He is not shy to tell the details about business. We will see him at work, on casting couch, testing the new, up and coming actresses, shoving his hand into their mouths, twisting their nipples, hitting them, basically demanding and getting the full submission. “If you don’t do anal, you have no chance in the business”, he says frankly. Yet, this does not fill him with joy, not anymore. One of the reasons is that he is getting old and tired, and the lifetime in business has taken its toll on his body – his back hurts.

The other is the fact that he is now a family man, married, with two teenage sons. He thinks that it is normal for them to think about sex and his line of work can ruin it for them. For himself, it was as much pleasure in some weird, perverse way, as it was pure work. Growing up in a big family and in poverty, under the shade of his domineering mother and typical Catholic guilt, he was taught that only those with money will get to have sex. Armed only with his “tool” and his will, he tried to make a living out of it, and to have, as much as it gets, a “normal”, loving family, children that love him and wife who supports him in doing his work.

The other kind of family we meet is his “work” family. The film takes us on tour from his native Ortona to Budapest where he resides, to Paris, Los Angeles and San Francisco where he does his work. We meet his relative and right hand (producer, screenwriter, camera operator and so on) Gabriele Galetta, a man who will lose a part of his identity and all his work when Rocco retires and is quite crossed with it. There are also his co-stars and business partners like James Deen, Abella Danger, Mark Spiegler and John Stagliano who will all have the time to express their views on business. There is Rocco’s wife Rosza Tano, who also comes from the industry (she was a make-up artist on the set). And there is Kelly Stafford, Rocco Siffredi in the female form, the only one who truly understands his sexual energy and the only one he is willing to submit to, which leads to a grand finale, Rocco’s last picture.

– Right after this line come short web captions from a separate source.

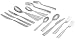 Cassia Mirror 20-Piece, Service for 4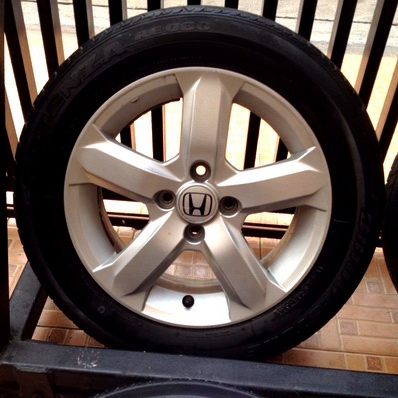 ------ขายแล้ว-----ล้อ CITY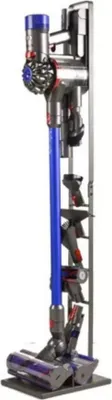 Obrázek produktu pro SensaHome - Stabilní kovový stojan na vysavač Dyson a Dyson Handheld s prostorem pro nástavce a příslušenství pro bezdrátový vysavač - Dyson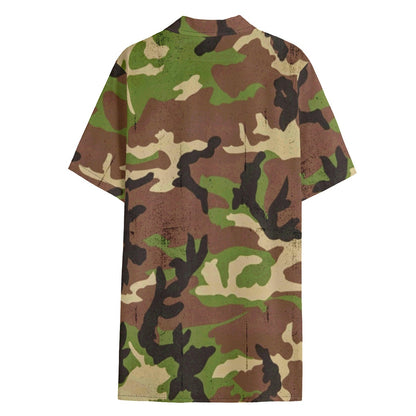 Camoboy Dudes Button Down Shirt |115GSM Cotton poplin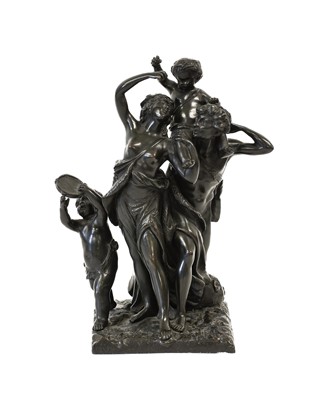 Lot 402 - After Claude Michel called Clodion (1730-1814):...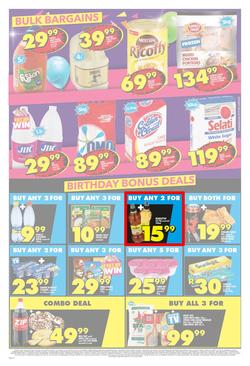 Shoprite Eastern Cape : Birthday Low Prices (23 July - 12 Aug 2018), page 5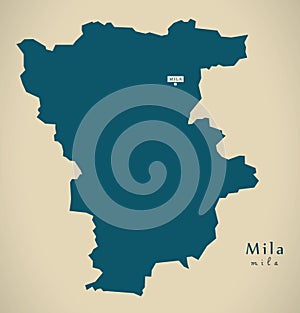 Modern Map - Mila DZ photo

The film itself has problems with focus at first and it is evident that its star has taken over right from the start. The problem is not that Rocco is not an interesting person, because he is, and his life and career is a real story. But he is not as eloquent as he thinks he is, and much of his “wisdom” from “real life” will seem like an undercooked cliché along the lines of his Catholic upbringing or just kind of sleazy. There is also a slight problem with the lack of standpoint of the director duo, Thierry Demaiziere and Alban Teurlai, who are, obviously, both too impressed with their subject.

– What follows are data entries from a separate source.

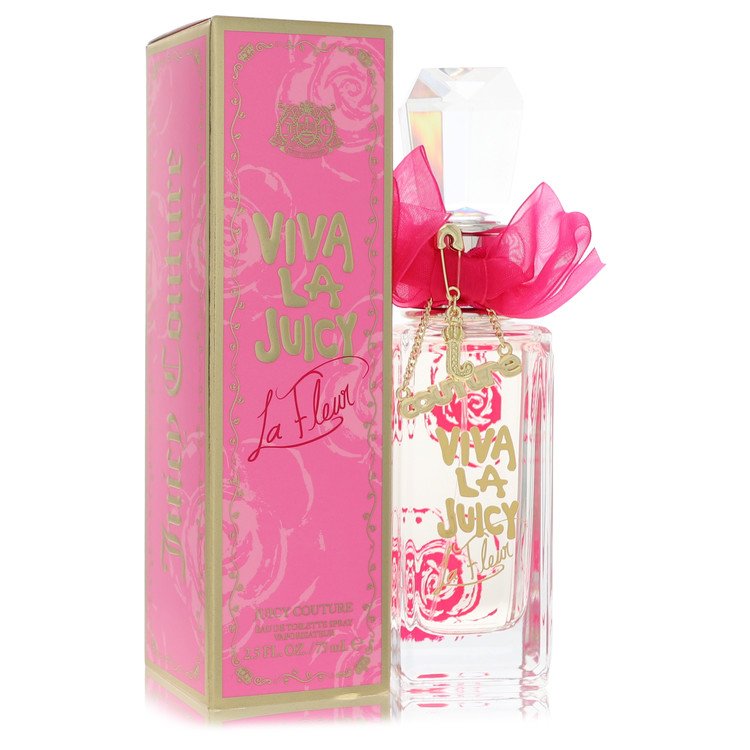 Viva La Juicy La Fleur 2.5 oz Eau De Toilette Spray For Women By Juicy Couture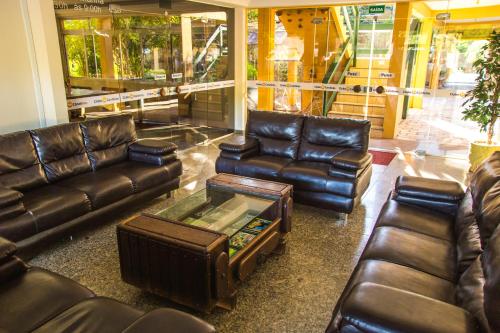 Előcsarnok, Candeias Hotel Gold Fish near Corumbá nemzetközi repülőtér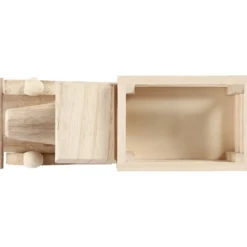 Lastbil, H: 11 cm, L: 22 cm, B: 7,5 cm, 1 st.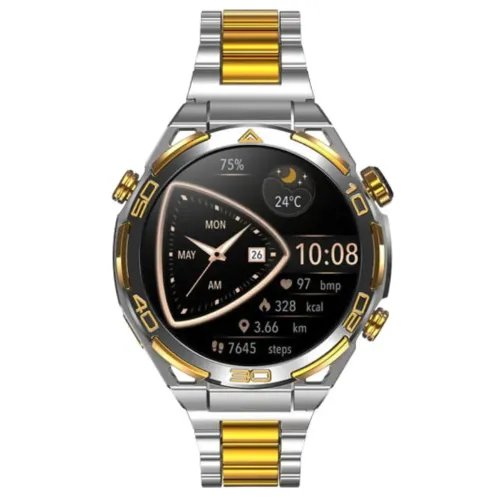 BLACKVIEWBT5.3MULTITASKAMOLEDSMARTWATCHSILVER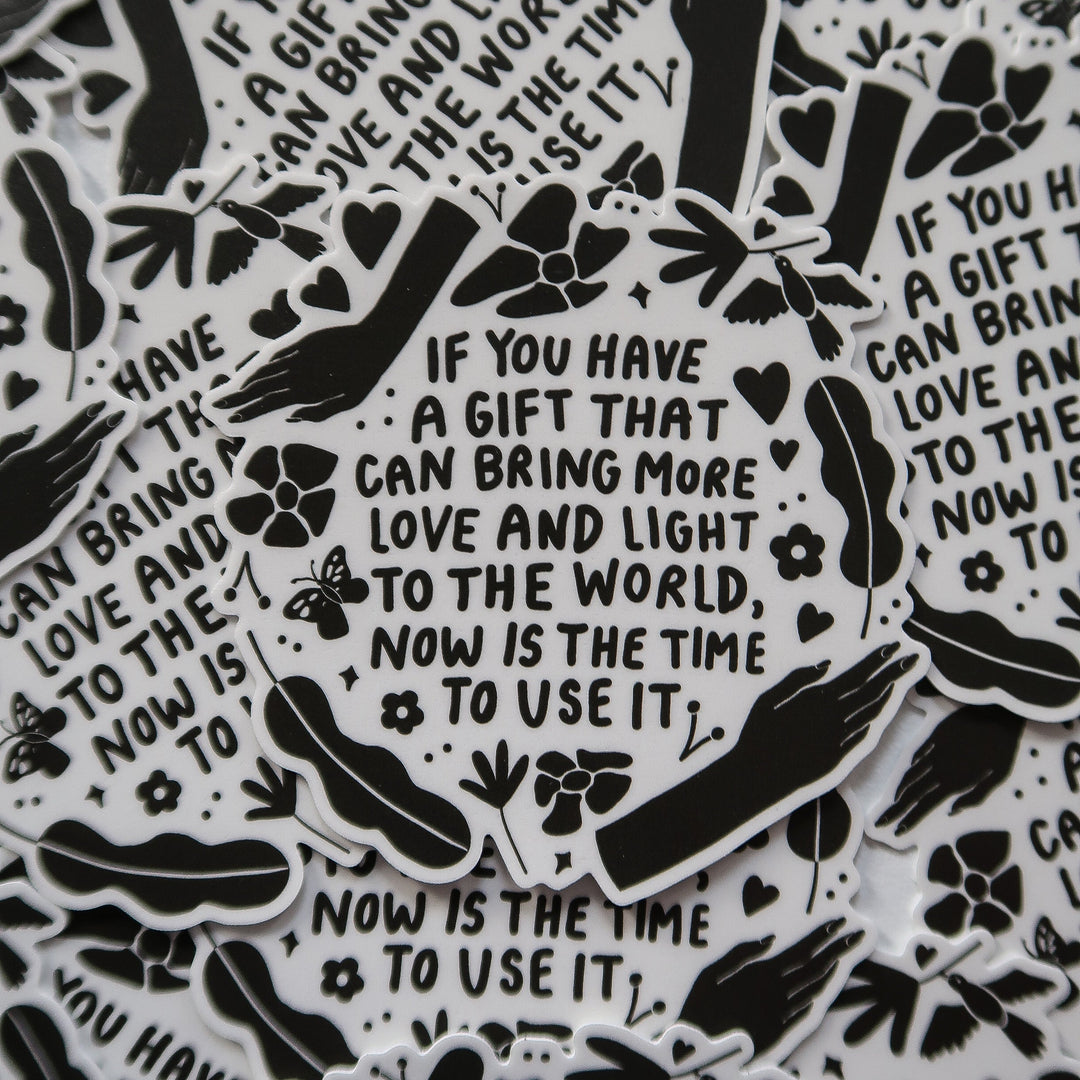 Love and Light Sticker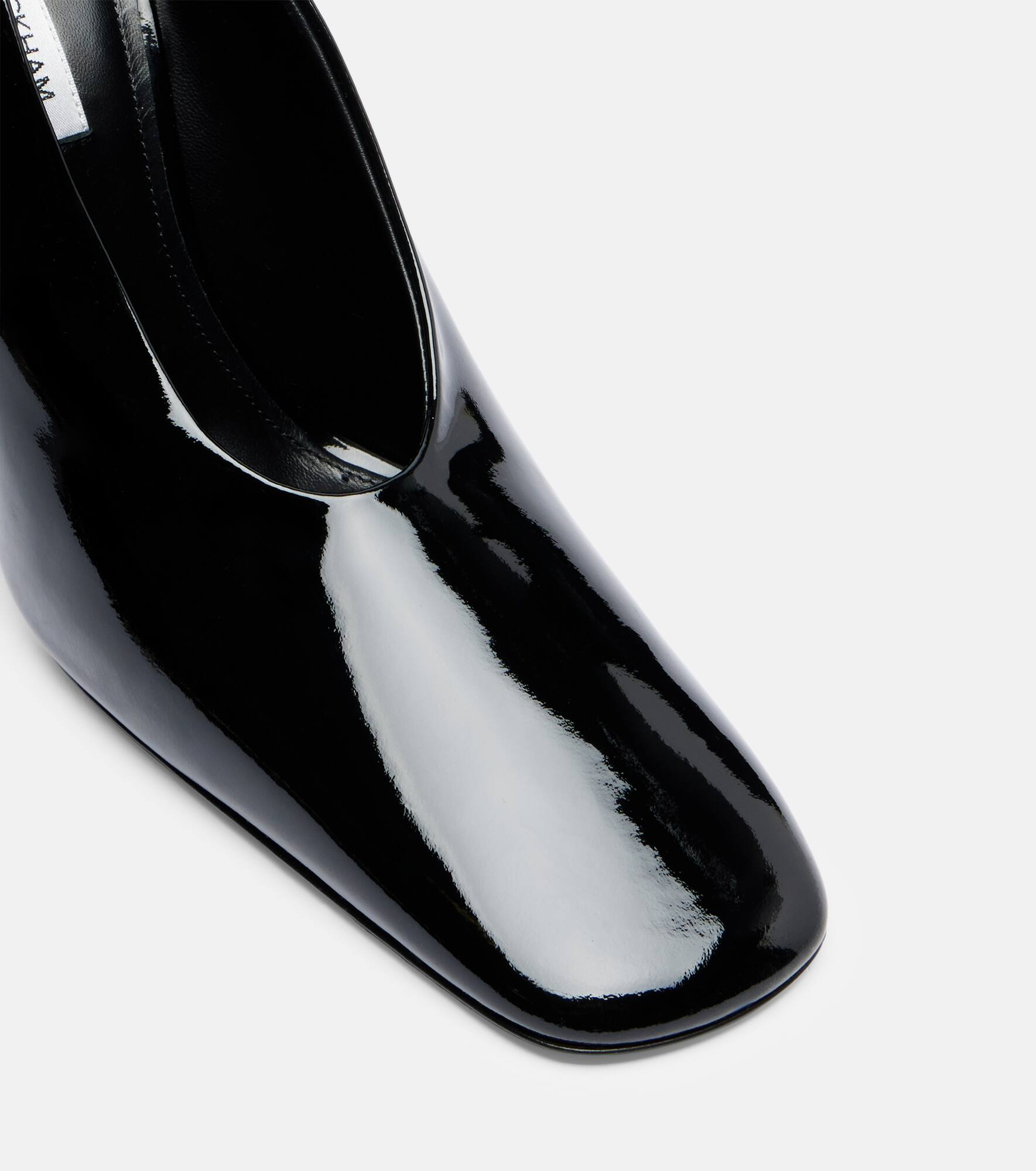 100 patent leather pumps - 5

Luckily, when it comes to the business, Rocco as a character is more frank and vocal, and film converges to something more meaningful once it gets solely on that track in the second half. More emotions will be shown in bizarre rituals like naked people congratulating one another after the gangbang scene, in cigarette break during the shooting, in Gabriele’s mess-ups and temper issues and in melancholy of finally closing a certain chapter in life, no matter how hard it got. Roccois a stunning portrait of an industry from the insider’s perspective and deserves the praise for that.